Let's take a look at the third shot:
See those streaks in the grass? Compare them to the way the ground looks in the other two images. That's motion blur, too, but it's the kind of motion blur you get from camera shake. We use the term "camera shake" to describe motion blur that is caused by an unsteady hand. That's not your fault--it's simply impossible for any human being to hold a camera completely still once you get to those slower shutter speeds. Camera shake is amplified by the length of your lens--long, telephoto lenses are particularly vulnerable to camera shake at slow shutter speeds because they magnify it. They are also heavier and more difficult to keep steady.
How to fix it
Camera shake can be corrected in the same way that motion blur is corrected--with a faster shutter speed. As a general rule, you want to use a shutter speed that is at least the same number as the length of your lens. 1/200th, for example, if you're using a 200mm lens. However you also have regular motion blur to consider, so that may not be enough--you'll still need to bump up your shutter speed to 1/500 for that football game.
That's why you often see sports photographers with tripods--sometimes it's the only way to keep the camera and a very long lens steady enough to prevent camera shake, especially when the light is fading and you're already shooting as fast as you can, at a high ISO. Keep in mind that the tripod doesn't prevent all kinds of motion blur, just camera shake. You may still get some trails off your players if you're shooting slower than 1/500.
Other causes of blurry photos: Depth of field
Hey you! by Flickr user rolleh
It's worth mentioning that other common cause of blurry photos--depth of field that is too shallow for your subject.
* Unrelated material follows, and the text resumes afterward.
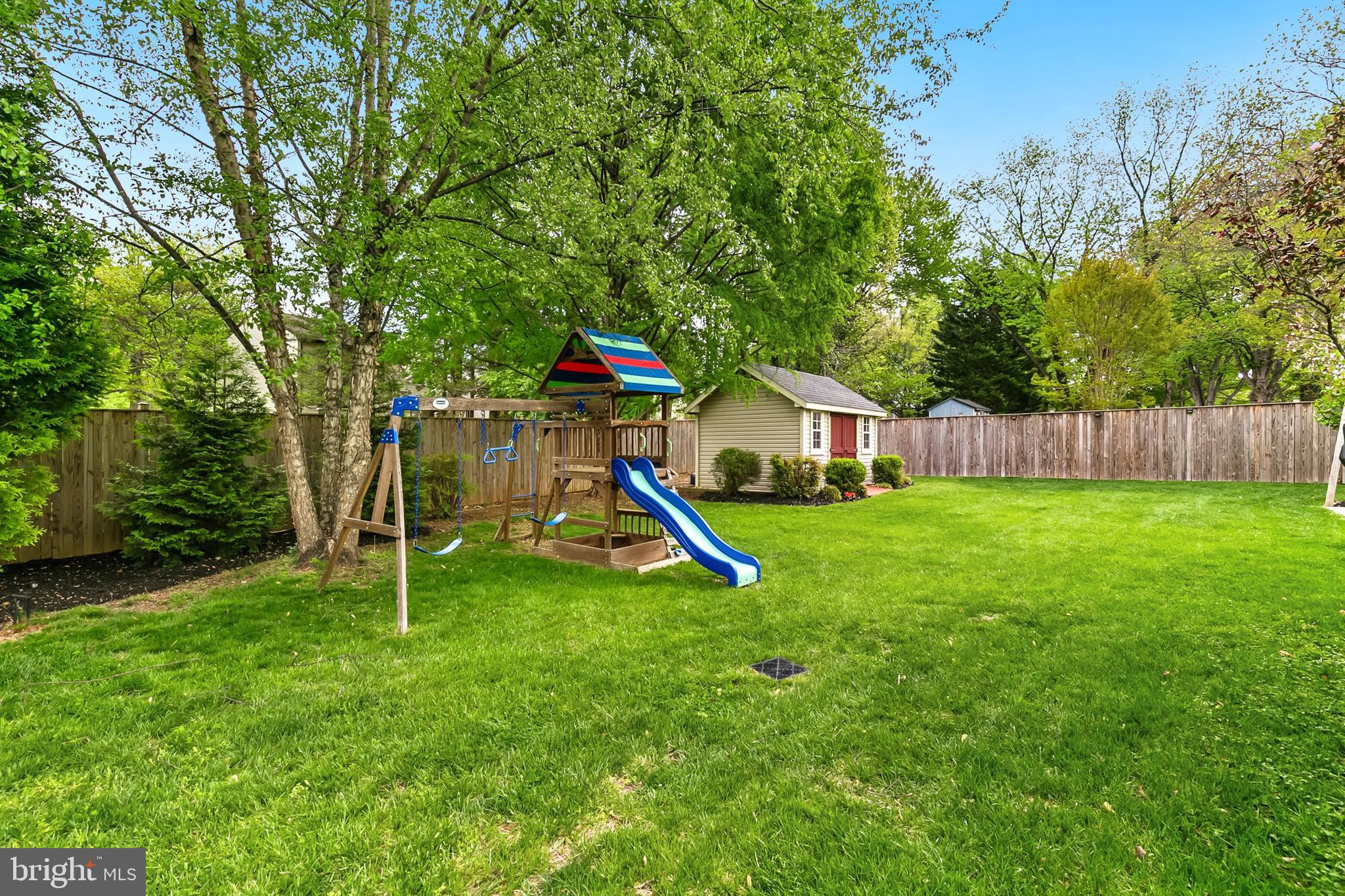 1004 Windmill Lane Silver Spring, MD 20905 - Photo 50 of 60 a view of a house with a park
You will commonly see this when shooting subjects that have a lot of dimension at very large apertures (vs. flatter subjects such as the graffiti art on a wall, for example). Shallow depth of field can be a good thing, but not when you end up losing focus on all or part of your subject. In this situation, you need to pay attention to your aperture (the larger the f-number, the more depth of field you'll have) and adjust it according to how much of your subject needs to be in focus. If you don't want to use the aperture setting, you can use a preset--landscape mode will give you large depth of field, while portrait mode will give you a shallower one.
Blur is a monster that threatens all of us photographers, but the good news is we can keep it at bay with a simple understanding of what causes it and how to avoid it. It's always a good idea to examine the EXIF data for images that went wrong as well as those that went right--do this enough and you'll have a pretty good feel for the blurry monster and how to banish it.